If something moves from Q3 into Q4, that might be the beginning of a push to the next quarter, only because we're deploying a system that has to get validated until we go add incremental capacity or technology beyond that. These deployments are not just necessarily within a quarter or a one-time event. The growth of potentially adding capacity to a system might lead a Q3 push into Q4, impacting a Q4 ship. By the way, I just wanna make sure everyone understands. A, all of this was contemplated in Ken's guidance, and B, the business continues to be robust. We're not able to call Q4 yet as we are still working on getting the components lined up for finishing our fiscal year.
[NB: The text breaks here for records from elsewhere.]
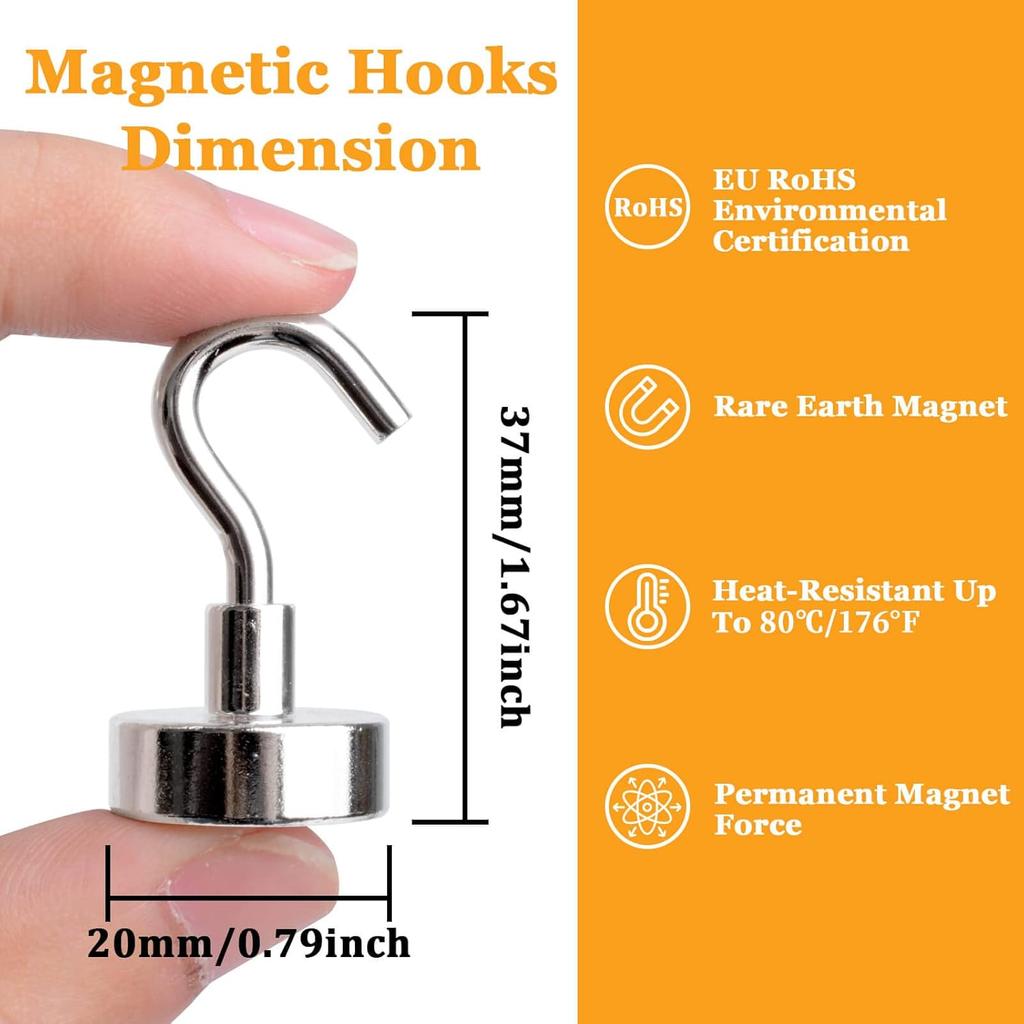 6pcs Magnetic Hooks, 50Lbs(22kg) Strong Heavy Duty Cruise Magnet S-Hooks for Hanging, Cabins, Kitchen, Garage, Workplace nt.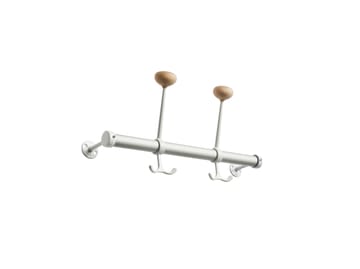 Gustav Hat Hook Rack 40 cm 2 hooks - Aluminum-white - Essem Design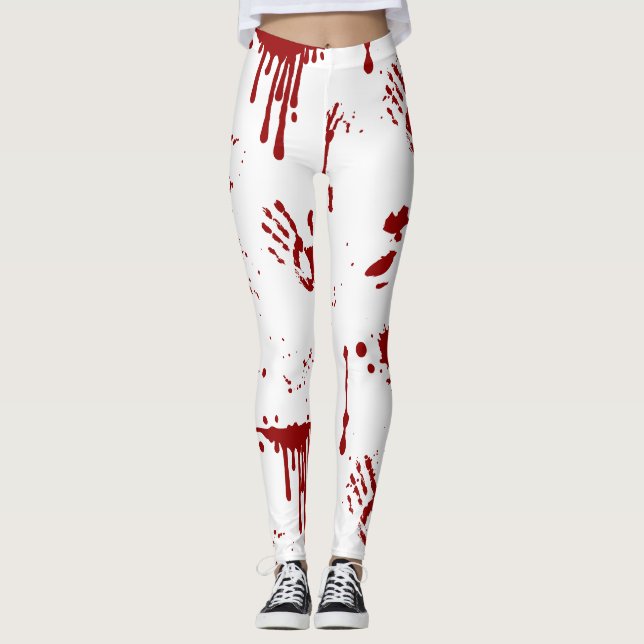 Blood Splatter Bloody Handprints Halloween Leggings (Front)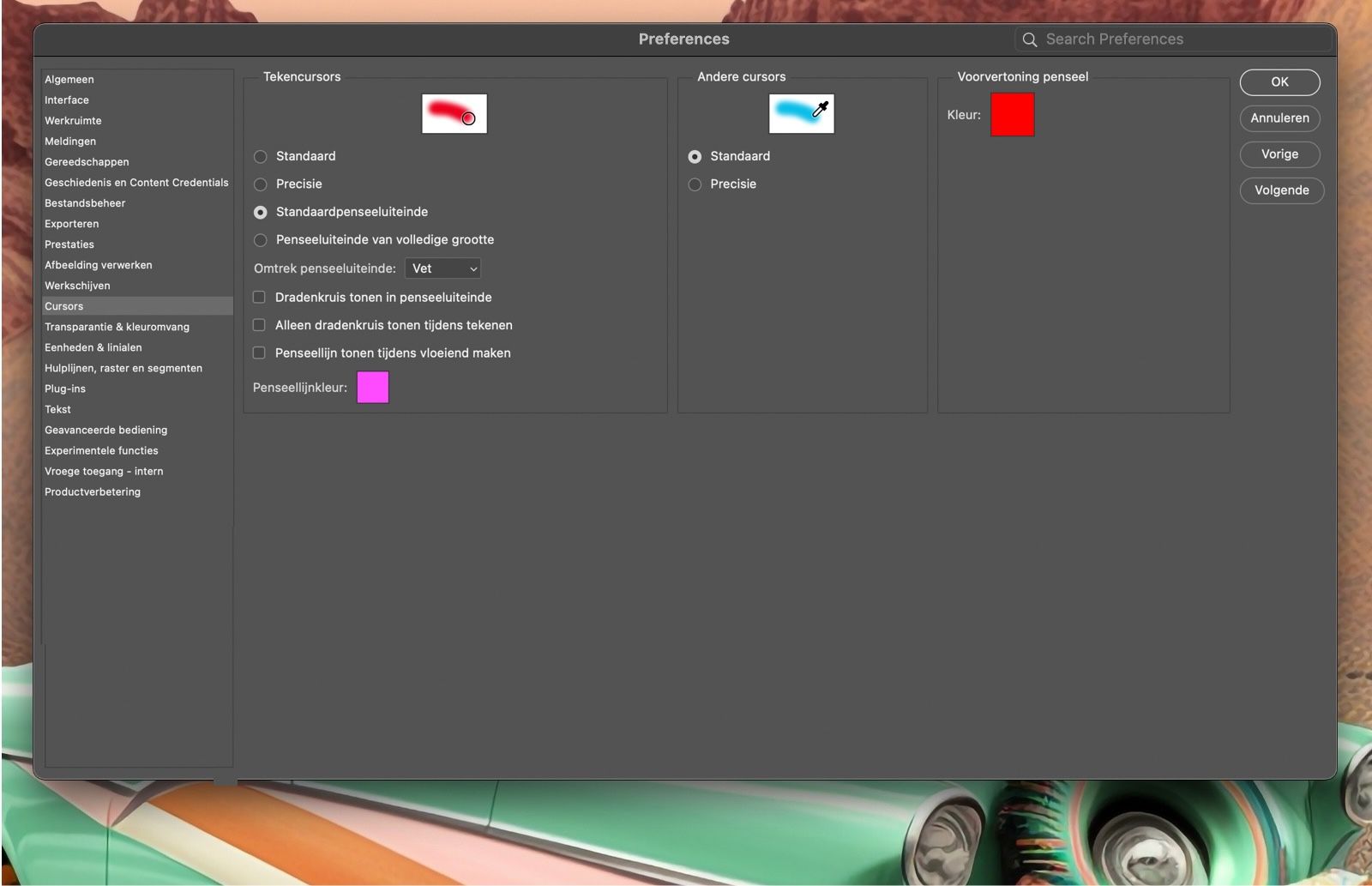 Een voorbeelddocument dat de Cursor-opties in het Voorkeuren-paneel toont.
But the commentary you're hearing is pretty bullish.
We're just being transparent about the supply chain challenges, and we're also being transparent that the demand side looks pretty good.
Got it. Great. Thank you.
There are no further questions. I'll turn the call back to Mark Adams for closing remarks.
Thank you, operator, and thanks to all of you for your continued interest and support. When I started less than two years ago, we committed to delivering on our growth and diversification strategy by focusing on operational excellence. Our top line continues to grow, and we've expanded gross margins from less than 20% in fiscal year 2020 to the mid-20% range today, up some 600-700 basis points, all of which allows us to deliver strong earnings per share results to our shareholders. In addition, we are delivering on our goal to operate as a best-in-class company from an ESG perspective.
Last fall, we delivered our first-ever ESG report, highlighting our performance to date and future goals. We've also made great strides in the area of corporate governance, including shifting to an independent board of directors and the naming of Penny as our Chair.
Our commitment to our shareholders is to make continuous progress and operate SGH as a best-in-class public company. We appreciate all of you for joining today's call.
This concludes today's conference call. Thank you for joining. You may now disconnect.